The trial took 10 months, its drama unfolding daily behind floor-to-ceiling bulletproof glass in the highest-security courtroom in British Columbia. Spectators passed through a metal detector before entering the B.C. Supreme Court in Surrey, a southeast suburb of Vancouver.

This article was originally published in Maclean's Magazine on June 2, 1997

Gustafsen Lake Standoff: 15 Charged

The trial took 10 months, its drama unfolding daily behind floor-to-ceiling bulletproof glass in the highest-security courtroom in British Columbia. Spectators passed through a metal detector before entering the B.C. Supreme Court in Surrey, a southeast suburb of Vancouver. Authorities deemed the precautions necessary given the event under review: a month-long armed standoff culminating in a spectacular firefight in which, amazingly, no one was seriously injured. When the dust settled at remote Gustafsen Lake in the B.C. interior in the summer of 1995, police charged 14 natives and four white supporters with 60 offences, including two counts of attempted murder. Last week, after weighing the testimony of 86 witnesses, considering 278 pieces of evidence, and deliberating for nine days, the six-man, six-woman jury reached its decision. Choking back tears and holding an eagle feather, a sign of strength among aboriginal people, the jury foreman, himself of native ancestry, delivered the verdicts: a total of 39 acquittals - including the attempted murder charges - and 21 convictions. With sentencing scheduled to begin next week, that ended one of the longest and most complex criminal trials in Canadian history. But the attitudes of racism and native-white distrust that the case exposed left a bitter aftertaste.

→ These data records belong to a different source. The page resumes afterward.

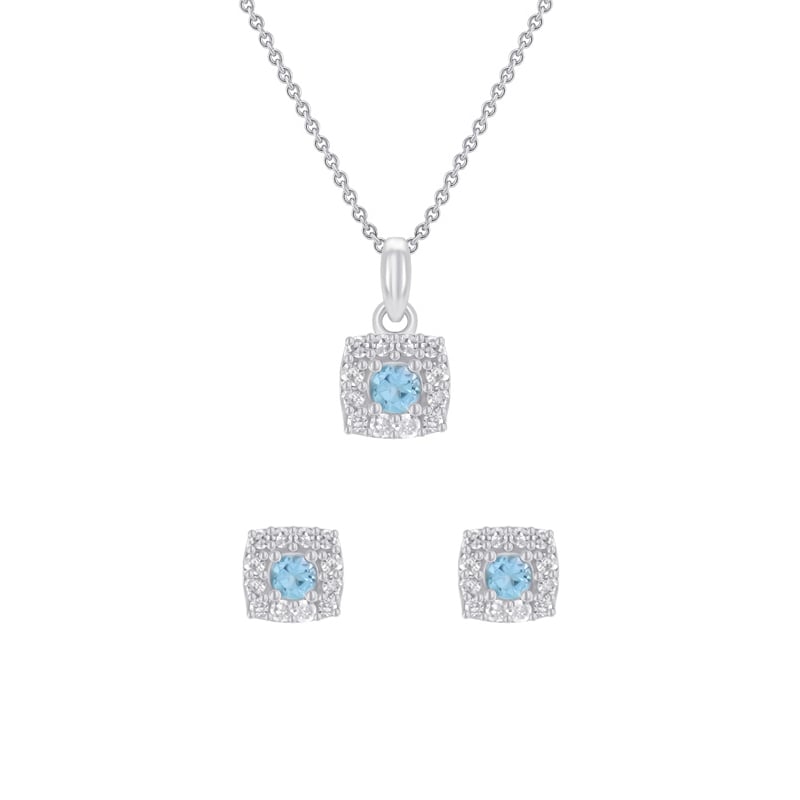 Akvamarínová zlatá kolekcia šperkov s diamantmi Shelby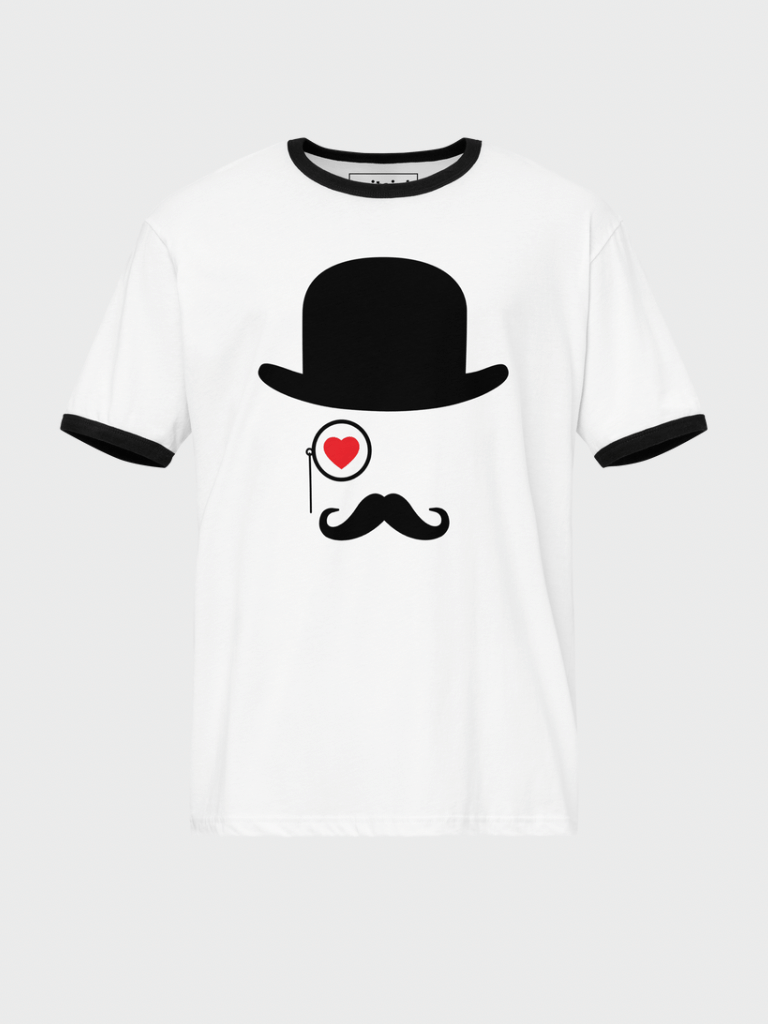 Genflex gender neutral unisex Men’s man mens Women's woman womens petite-, tall-, plus-, size Casual miteigi Love Monocle Graphic crewneck short sleeves regular length cotton round o-neck fashion tops Vacation getaway T-shirts in White, with Black trim
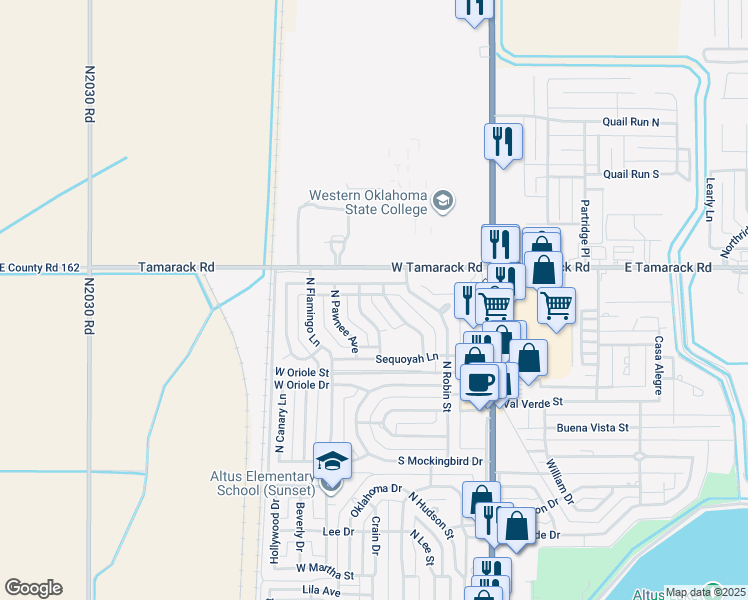 map of restaurants, bars, coffee shops, grocery stores, and more near 2402 North Seminole Circle in Altus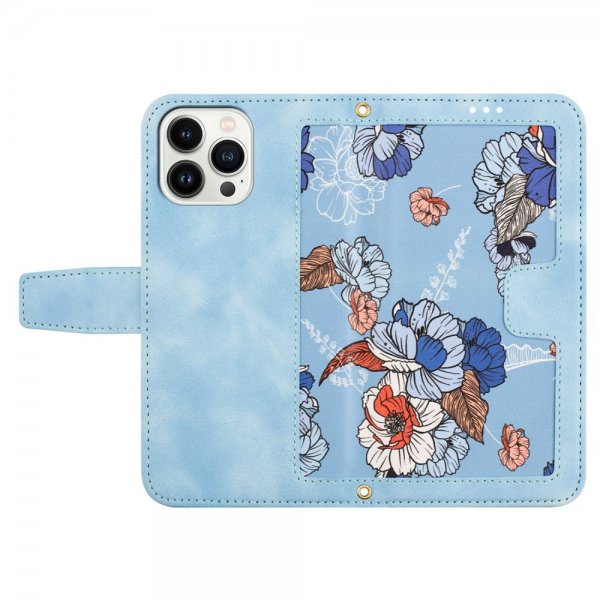 iPhone 15 Pro Max Cover Blomstermønster Lyseblå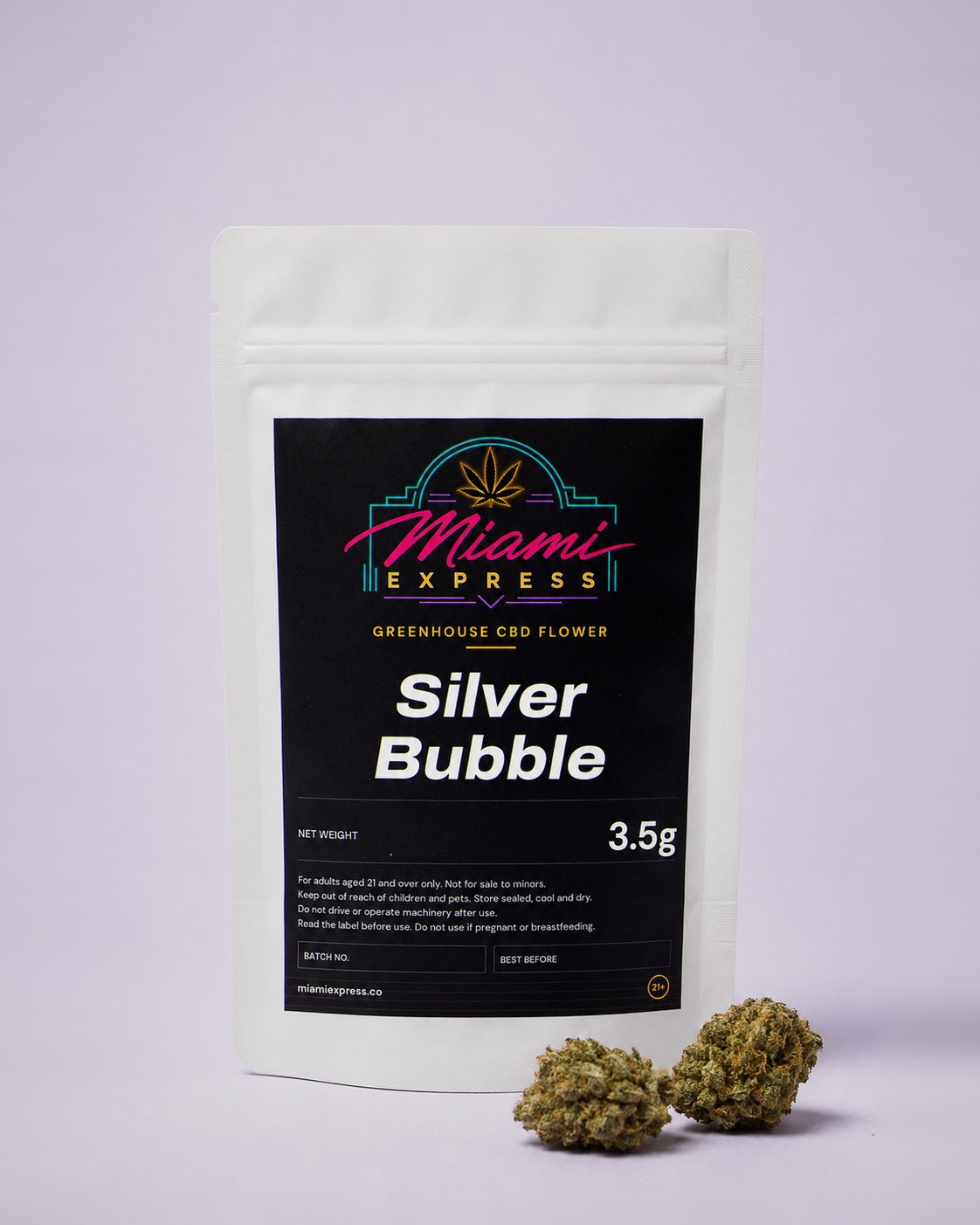 Silver Bubble CBD Flower front view, white resealable bag on a pale lilac studio background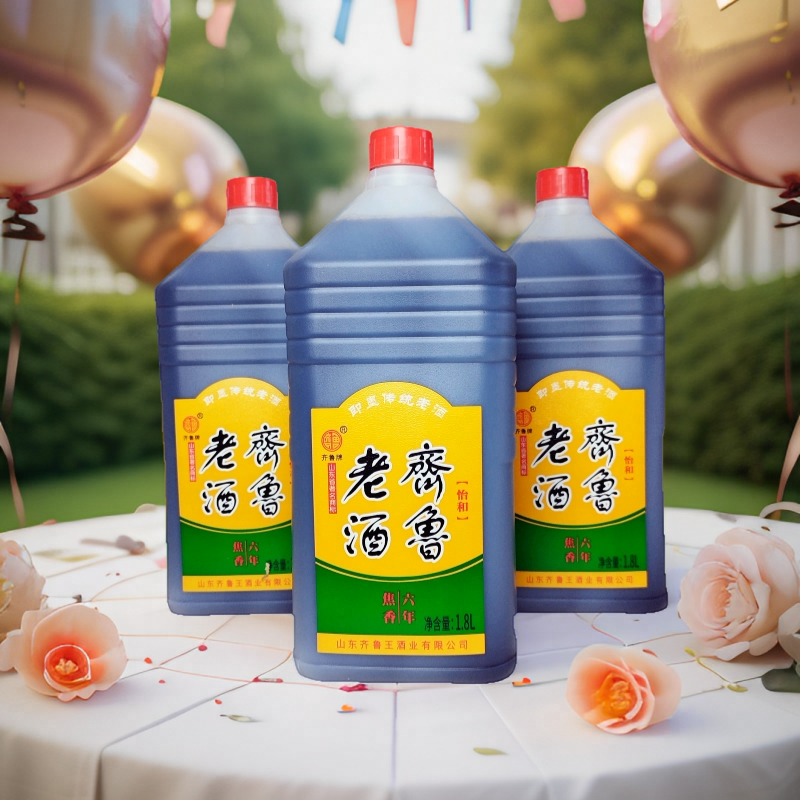 齐鲁老酒焦香六年1.8升桶装黄酒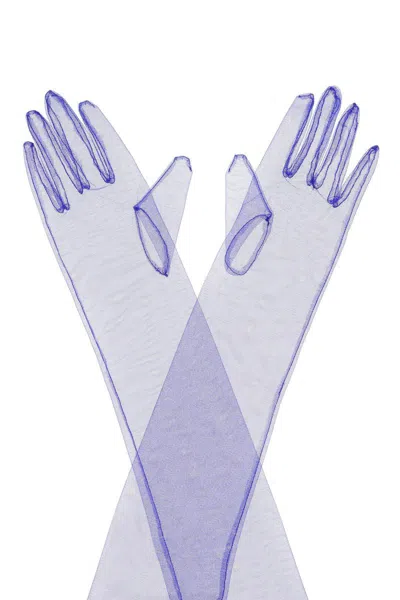 Shop 19:13 Dresscode Long Sheer Tulle Gloves In Blu
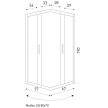 Malibu SQ 80x70 szögletes zuhanykabin zuhanytálca nélkül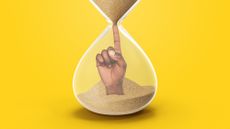 Illustration of an hourglass with a hand emerging from the sand in the lower bulb to plug the upper bulb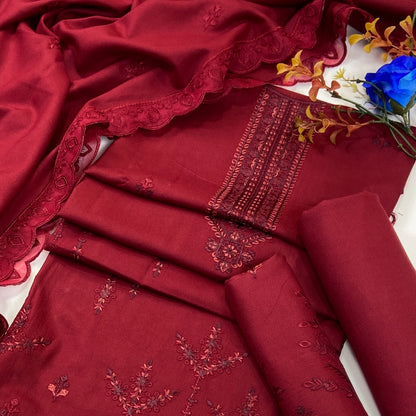 Fasana By Shanaya Plain Emb Dhanak 3PC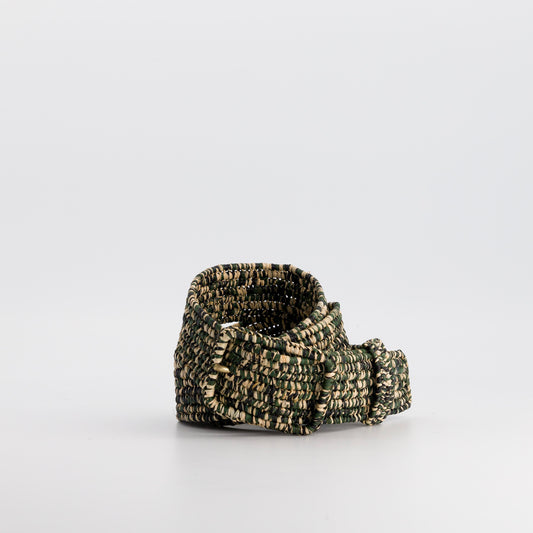 MISTRAL - multicolor raphia belt NATUREL - KHAKI - BLACK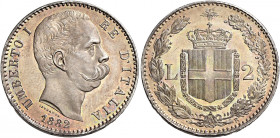 Savoia 
Umberto I re d’Italia, 1878-1900. Da 2 lire 1882. Pagani 592. MIR 1101b.
Patina iridescente su fondi lucenti, Fdc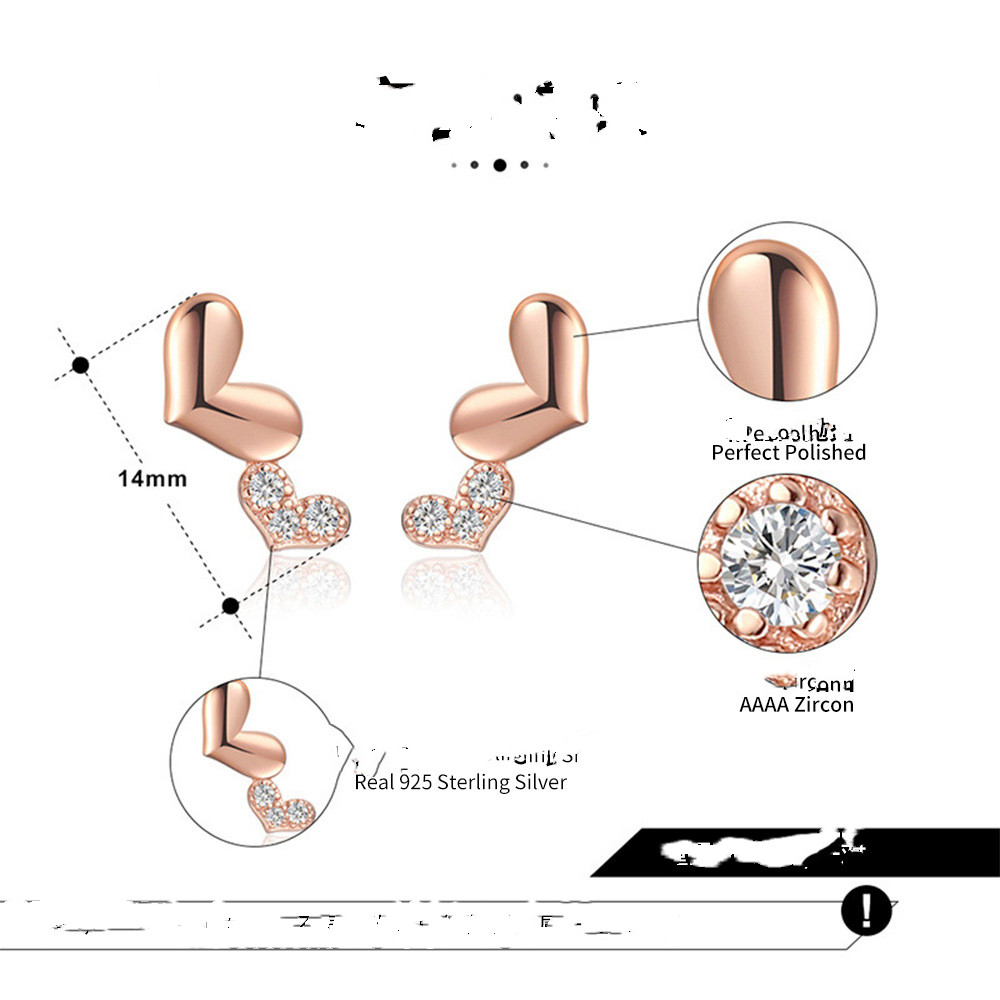 Title 3, Temperament Heart-shaped Zircon Earrings Rose G...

The Crown contended that the defendants unlawfully occupied private property belonging to a rancher, Lyle James, and intentionally shot at police - or aided and abetted those who did - to advance a political agenda. The accused maintained that the disputed lakeside campsite was sacred territory, never ceded by natives, which they occupied peacefully each year in order to hold a spiritual ceremony known as the Sundance. In 1995, some natives stayed on the land longer than usual. Defence lawyers told the court that the Sundancers became fearful after hostile ranch hands, serving a trespass notice, threatened to hang "a red nigger." They said the occupiers fired warning shots in self-defence when unknown intruders - who later turned out to be members of an RCMP reconnaissance team dressed in camouflage gear - neared the site.

In the largest paramilitary operation in B.C. history, costing an estimated $5.5 million, 400 heavily armed RCMP officers surrounded the camp, backed by helicopters and armored personnel carriers supplied by the military. On Sept. 11, thousands of rounds were discharged in a 45-minute blaze of gunfire. Six days later, the natives and their supporters, who had no backing from any mainstream native organization, surrendered.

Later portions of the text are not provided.